All patients had subacute onset of weakness involving proximal muscles. Five patients had erythematous hyperpigmented patches involving the face and upper extremities and two had Grottrons papules on the hands. Two patients had dysphagia at presentation. At the time of diagnosis of IM, the mean serum CK level was significantly lower (1001.5 ± 282.3 IU/L) in the malignancy group than in the non-malignancy group (3075.6 ± 3595.7), which was statistically significant (P < 0.0001).


 » Discussion Top


The peak incidence of malignancy diagnosis occurs within 2 years on either side of the diagnosis of IM. DM and PM are inflammatory myopathies that are an associated with virtually any type of cancer irrespective of location and race. High prevalence of cancers in the ovary, lung, and gastrointestinal tract have been reported from Europe in IM. [3],[10] In addition, patients with PM had NHL most frequently followed by lung and bladder cancer. [3] Chow et al. reported ovarian cancer as the most common malignancy in DM and lymphoma and hematopoietic cancers in PM. [10] The incidence of ovarian cancer developing in the setting of DM was reported to be as high as 13.3% in one series. [2] In contrast, studies from Asian countries reported a high incidence of nasopharynx cancer in DM patients. [8],[9] However, a study from Korea reported breast cancer as the most frequent tumor associated with DM. [11],[12] In our experience of DM the malignancy spectrum was quite varied. Endometrial cancer has been reported very rarely. [12],[13]

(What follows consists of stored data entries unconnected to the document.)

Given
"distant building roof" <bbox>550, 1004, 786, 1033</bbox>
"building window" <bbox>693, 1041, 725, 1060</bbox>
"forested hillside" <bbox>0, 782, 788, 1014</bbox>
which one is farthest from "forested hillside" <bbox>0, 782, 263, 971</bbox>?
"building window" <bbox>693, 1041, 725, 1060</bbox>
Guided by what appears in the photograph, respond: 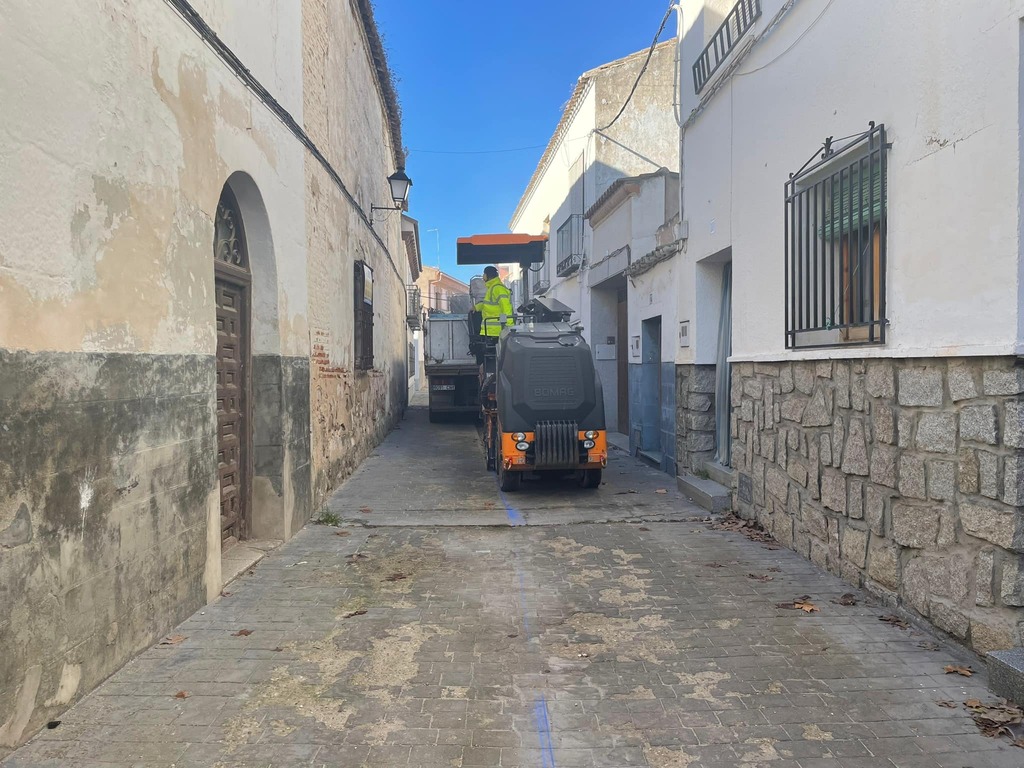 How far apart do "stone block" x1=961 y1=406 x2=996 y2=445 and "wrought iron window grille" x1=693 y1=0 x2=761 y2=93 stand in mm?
4312

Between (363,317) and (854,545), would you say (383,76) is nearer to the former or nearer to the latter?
(363,317)

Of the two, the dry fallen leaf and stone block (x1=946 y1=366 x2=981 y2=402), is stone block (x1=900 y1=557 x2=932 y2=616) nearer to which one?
the dry fallen leaf

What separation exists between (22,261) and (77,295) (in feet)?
1.08

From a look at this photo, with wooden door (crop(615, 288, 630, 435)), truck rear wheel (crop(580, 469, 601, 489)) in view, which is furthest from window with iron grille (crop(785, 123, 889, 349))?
wooden door (crop(615, 288, 630, 435))

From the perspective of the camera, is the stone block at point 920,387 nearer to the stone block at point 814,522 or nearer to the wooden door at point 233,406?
the stone block at point 814,522

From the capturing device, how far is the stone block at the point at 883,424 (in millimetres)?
3934

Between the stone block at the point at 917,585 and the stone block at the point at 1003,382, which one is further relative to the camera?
the stone block at the point at 917,585

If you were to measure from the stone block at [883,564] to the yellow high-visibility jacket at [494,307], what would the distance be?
22.0ft

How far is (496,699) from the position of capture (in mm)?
3023

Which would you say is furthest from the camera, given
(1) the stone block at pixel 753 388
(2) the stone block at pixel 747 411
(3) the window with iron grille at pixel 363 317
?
(3) the window with iron grille at pixel 363 317

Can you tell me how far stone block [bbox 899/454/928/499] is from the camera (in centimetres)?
368

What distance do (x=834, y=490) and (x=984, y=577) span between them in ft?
4.62

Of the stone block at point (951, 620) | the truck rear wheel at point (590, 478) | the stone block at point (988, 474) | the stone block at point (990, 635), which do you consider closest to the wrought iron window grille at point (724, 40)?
the stone block at point (988, 474)

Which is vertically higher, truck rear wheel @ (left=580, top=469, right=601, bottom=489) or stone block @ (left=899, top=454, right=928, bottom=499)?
stone block @ (left=899, top=454, right=928, bottom=499) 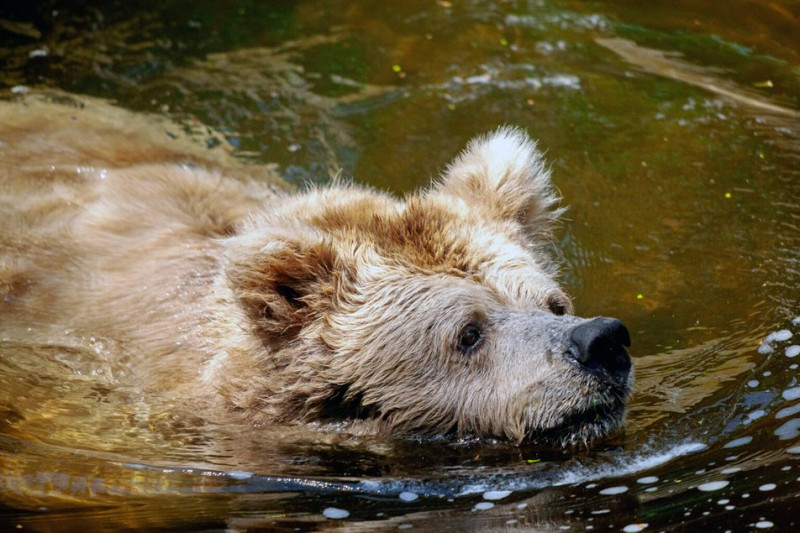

Cancer can be diagnosed before, simultaneously with, or after the diagnosis of IM. Malignancy was diagnosed simultaneously or later in 74-81.8% of patients with IM and diagnosed before the onset of IM in 18.2-26% of patients. [4] In the present study, one patient had malignancy before and one after the diagnosis of IM. In four patients, malignancy was diagnosed simultaneously. The risk of cancer following PM and DM is highest in the first 3 years after the diagnosis of IM. Although, there is a trend toward decreased excess risk with increasing time, the risk is still higher 5 years after the diagnosis. [2] The mean age of patients with IM at the diagnosis of malignancy was more than 40 years in different studies. [11],[13],[14] In our series, the mean age at the time of malignancy was 50.8 years. Three patients were below 40 years and all were females. While the risk is elevated in both sexes, it is more significant for females in the age group of 45-74 years at the time of diagnosis. In some studies, male patients with DM have been identified as being at risk of developing malignancy. In our study, malignancy was diagnosed in five females out of six patients. Independent predictive factors associated with malignancies in patients with DM/PM were older age, presence of dysphagia, and absence of interstitial lung disease. [14],[15],[16]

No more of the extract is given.